Crawled caption data:

· · · · ·

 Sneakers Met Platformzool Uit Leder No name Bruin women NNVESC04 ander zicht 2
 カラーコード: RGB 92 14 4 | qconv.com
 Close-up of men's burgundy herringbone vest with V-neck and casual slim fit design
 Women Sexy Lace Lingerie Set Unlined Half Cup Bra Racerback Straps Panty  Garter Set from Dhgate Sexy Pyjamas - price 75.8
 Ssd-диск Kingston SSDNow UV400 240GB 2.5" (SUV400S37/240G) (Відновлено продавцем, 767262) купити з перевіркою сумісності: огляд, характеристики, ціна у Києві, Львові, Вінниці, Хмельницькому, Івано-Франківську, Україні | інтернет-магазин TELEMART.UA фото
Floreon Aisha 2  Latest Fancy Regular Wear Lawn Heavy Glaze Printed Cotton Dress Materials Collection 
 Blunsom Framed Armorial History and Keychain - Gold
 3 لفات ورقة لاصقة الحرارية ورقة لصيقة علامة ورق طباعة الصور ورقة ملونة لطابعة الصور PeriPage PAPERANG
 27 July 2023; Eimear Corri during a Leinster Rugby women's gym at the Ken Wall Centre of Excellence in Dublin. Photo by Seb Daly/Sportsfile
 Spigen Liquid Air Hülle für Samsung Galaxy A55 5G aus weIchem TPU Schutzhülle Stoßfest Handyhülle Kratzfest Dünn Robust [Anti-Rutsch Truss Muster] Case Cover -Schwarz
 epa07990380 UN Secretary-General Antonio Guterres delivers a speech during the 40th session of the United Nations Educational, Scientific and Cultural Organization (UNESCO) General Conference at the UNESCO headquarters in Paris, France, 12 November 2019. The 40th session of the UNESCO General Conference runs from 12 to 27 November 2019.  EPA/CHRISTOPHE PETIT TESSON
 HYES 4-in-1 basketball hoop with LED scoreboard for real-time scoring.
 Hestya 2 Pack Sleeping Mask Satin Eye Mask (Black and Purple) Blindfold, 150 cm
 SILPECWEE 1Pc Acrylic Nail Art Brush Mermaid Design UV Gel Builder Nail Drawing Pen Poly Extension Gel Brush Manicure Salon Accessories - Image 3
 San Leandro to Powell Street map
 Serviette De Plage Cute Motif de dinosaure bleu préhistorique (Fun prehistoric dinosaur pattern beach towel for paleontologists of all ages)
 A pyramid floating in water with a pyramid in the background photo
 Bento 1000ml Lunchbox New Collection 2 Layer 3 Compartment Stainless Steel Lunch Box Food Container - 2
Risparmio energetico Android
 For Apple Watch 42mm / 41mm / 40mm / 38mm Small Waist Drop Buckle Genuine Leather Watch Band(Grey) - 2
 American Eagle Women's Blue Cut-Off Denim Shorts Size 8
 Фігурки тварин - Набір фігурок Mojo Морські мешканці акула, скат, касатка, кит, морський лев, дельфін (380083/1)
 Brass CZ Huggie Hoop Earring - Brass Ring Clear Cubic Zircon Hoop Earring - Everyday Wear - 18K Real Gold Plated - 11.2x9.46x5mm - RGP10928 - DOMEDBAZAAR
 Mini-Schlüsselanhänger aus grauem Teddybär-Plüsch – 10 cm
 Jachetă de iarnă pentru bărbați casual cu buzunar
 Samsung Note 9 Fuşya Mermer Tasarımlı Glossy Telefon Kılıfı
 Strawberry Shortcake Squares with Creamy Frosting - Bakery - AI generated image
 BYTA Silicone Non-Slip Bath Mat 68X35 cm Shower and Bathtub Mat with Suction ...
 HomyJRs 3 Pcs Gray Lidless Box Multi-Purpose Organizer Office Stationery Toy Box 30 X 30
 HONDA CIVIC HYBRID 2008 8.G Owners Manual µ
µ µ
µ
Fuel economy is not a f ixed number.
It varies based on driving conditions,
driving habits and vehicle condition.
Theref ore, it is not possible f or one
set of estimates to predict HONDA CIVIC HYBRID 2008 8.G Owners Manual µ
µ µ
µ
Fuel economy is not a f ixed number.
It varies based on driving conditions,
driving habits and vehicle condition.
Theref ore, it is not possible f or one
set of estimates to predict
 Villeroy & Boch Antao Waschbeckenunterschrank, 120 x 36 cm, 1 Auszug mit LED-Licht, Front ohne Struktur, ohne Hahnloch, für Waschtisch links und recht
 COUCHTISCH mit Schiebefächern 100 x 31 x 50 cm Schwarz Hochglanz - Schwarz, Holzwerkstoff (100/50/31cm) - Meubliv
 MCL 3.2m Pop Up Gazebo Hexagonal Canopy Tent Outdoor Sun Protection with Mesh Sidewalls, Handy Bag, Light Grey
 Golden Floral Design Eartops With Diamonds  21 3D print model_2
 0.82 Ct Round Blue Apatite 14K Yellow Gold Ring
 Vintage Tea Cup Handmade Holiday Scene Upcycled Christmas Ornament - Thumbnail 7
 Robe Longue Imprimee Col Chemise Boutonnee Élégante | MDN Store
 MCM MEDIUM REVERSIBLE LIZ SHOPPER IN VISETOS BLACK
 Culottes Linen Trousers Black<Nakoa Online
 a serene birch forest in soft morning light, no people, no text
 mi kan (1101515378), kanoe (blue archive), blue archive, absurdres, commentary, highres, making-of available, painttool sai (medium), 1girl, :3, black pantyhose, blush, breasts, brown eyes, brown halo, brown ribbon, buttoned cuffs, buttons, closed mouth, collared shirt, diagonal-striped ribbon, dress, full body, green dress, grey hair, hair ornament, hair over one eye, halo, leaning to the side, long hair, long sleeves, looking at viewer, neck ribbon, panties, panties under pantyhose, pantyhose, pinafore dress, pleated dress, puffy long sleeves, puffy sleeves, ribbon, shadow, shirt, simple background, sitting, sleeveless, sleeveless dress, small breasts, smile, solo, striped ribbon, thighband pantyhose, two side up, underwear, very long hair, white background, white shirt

· · · · ·

Prompt →
Your task is to transcribe each record faithfully and in full.

Solution to this problem →
 Sneakers Met Platformzool Uit Leder No name Bruin women NNVESC04 ander zicht 2
 カラーコード: RGB 92 14 4 | qconv.com
 Close-up of men's burgundy herringbone vest with V-neck and casual slim fit design
 Women Sexy Lace Lingerie Set Unlined Half Cup Bra Racerback Straps Panty  Garter Set from Dhgate Sexy Pyjamas - price 75.8
 Ssd-диск Kingston SSDNow UV400 240GB 2.5" (SUV400S37/240G) (Відновлено продавцем, 767262) купити з перевіркою сумісності: огляд, характеристики, ціна у Києві, Львові, Вінниці, Хмельницькому, Івано-Франківську, Україні | інтернет-магазин TELEMART.UA фото
Floreon Aisha 2  Latest Fancy Regular Wear Lawn Heavy Glaze Printed Cotton Dress Materials Collection 
 Blunsom Framed Armorial History and Keychain - Gold
 3 لفات ورقة لاصقة الحرارية ورقة لصيقة علامة ورق طباعة الصور ورقة ملونة لطابعة الصور PeriPage PAPERANG
 27 July 2023; Eimear Corri during a Leinster Rugby women's gym at the Ken Wall Centre of Excellence in Dublin. Photo by Seb Daly/Sportsfile
 Spigen Liquid Air Hülle für Samsung Galaxy A55 5G aus weIchem TPU Schutzhülle Stoßfest Handyhülle Kratzfest Dünn Robust [Anti-Rutsch Truss Muster] Case Cover -Schwarz
 epa07990380 UN Secretary-General Antonio Guterres delivers a speech during the 40th session of the United Nations Educational, Scientific and Cultural Organization (UNESCO) General Conference at the UNESCO headquarters in Paris, France, 12 November 2019. The 40th session of the UNESCO General Conference runs from 12 to 27 November 2019.  EPA/CHRISTOPHE PETIT TESSON
 HYES 4-in-1 basketball hoop with LED scoreboard for real-time scoring.
 Hestya 2 Pack Sleeping Mask Satin Eye Mask (Black and Purple) Blindfold, 150 cm
 SILPECWEE 1Pc Acrylic Nail Art Brush Mermaid Design UV Gel Builder Nail Drawing Pen Poly Extension Gel Brush Manicure Salon Accessories - Image 3
 San Leandro to Powell Street map
 Serviette De Plage Cute Motif de dinosaure bleu préhistorique (Fun prehistoric dinosaur pattern beach towel for paleontologists of all ages)
 A pyramid floating in water with a pyramid in the background photo
 Bento 1000ml Lunchbox New Collection 2 Layer 3 Compartment Stainless Steel Lunch Box Food Container - 2
Risparmio energetico Android
 For Apple Watch 42mm / 41mm / 40mm / 38mm Small Waist Drop Buckle Genuine Leather Watch Band(Grey) - 2
 American Eagle Women's Blue Cut-Off Denim Shorts Size 8
 Фігурки тварин - Набір фігурок Mojo Морські мешканці акула, скат, касатка, кит, морський лев, дельфін (380083/1)
 Brass CZ Huggie Hoop Earring - Brass Ring Clear Cubic Zircon Hoop Earring - Everyday Wear - 18K Real Gold Plated - 11.2x9.46x5mm - RGP10928 - DOMEDBAZAAR
 Mini-Schlüsselanhänger aus grauem Teddybär-Plüsch – 10 cm
 Jachetă de iarnă pentru bărbați casual cu buzunar
 Samsung Note 9 Fuşya Mermer Tasarımlı Glossy Telefon Kılıfı
 Strawberry Shortcake Squares with Creamy Frosting - Bakery - AI generated image
 BYTA Silicone Non-Slip Bath Mat 68X35 cm Shower and Bathtub Mat with Suction ...
 HomyJRs 3 Pcs Gray Lidless Box Multi-Purpose Organizer Office Stationery Toy Box 30 X 30
 HONDA CIVIC HYBRID 2008 8.G Owners Manual µ
µ µ
µ
Fuel economy is not a f ixed number.
It varies based on driving conditions,
driving habits and vehicle condition.
Theref ore, it is not possible f or one
set of estimates to predict HONDA CIVIC HYBRID 2008 8.G Owners Manual µ
µ µ
µ
Fuel economy is not a f ixed number.
It varies based on driving conditions,
driving habits and vehicle condition.
Theref ore, it is not possible f or one
set of estimates to predict
 Villeroy & Boch Antao Waschbeckenunterschrank, 120 x 36 cm, 1 Auszug mit LED-Licht, Front ohne Struktur, ohne Hahnloch, für Waschtisch links und recht
 COUCHTISCH mit Schiebefächern 100 x 31 x 50 cm Schwarz Hochglanz - Schwarz, Holzwerkstoff (100/50/31cm) - Meubliv
 MCL 3.2m Pop Up Gazebo Hexagonal Canopy Tent Outdoor Sun Protection with Mesh Sidewalls, Handy Bag, Light Grey
 Golden Floral Design Eartops With Diamonds  21 3D print model_2
 0.82 Ct Round Blue Apatite 14K Yellow Gold Ring
 Vintage Tea Cup Handmade Holiday Scene Upcycled Christmas Ornament - Thumbnail 7
 Robe Longue Imprimee Col Chemise Boutonnee Élégante | MDN Store
 MCM MEDIUM REVERSIBLE LIZ SHOPPER IN VISETOS BLACK
 Culottes Linen Trousers Black<Nakoa Online
 a serene birch forest in soft morning light, no people, no text
 mi kan (1101515378), kanoe (blue archive), blue archive, absurdres, commentary, highres, making-of available, painttool sai (medium), 1girl, :3, black pantyhose, blush, breasts, brown eyes, brown halo, brown ribbon, buttoned cuffs, buttons, closed mouth, collared shirt, diagonal-striped ribbon, dress, full body, green dress, grey hair, hair ornament, hair over one eye, halo, leaning to the side, long hair, long sleeves, looking at viewer, neck ribbon, panties, panties under pantyhose, pantyhose, pinafore dress, pleated dress, puffy long sleeves, puffy sleeves, ribbon, shadow, shirt, simple background, sitting, sleeveless, sleeveless dress, small breasts, smile, solo, striped ribbon, thighband pantyhose, two side up, underwear, very long hair, white background, white shirt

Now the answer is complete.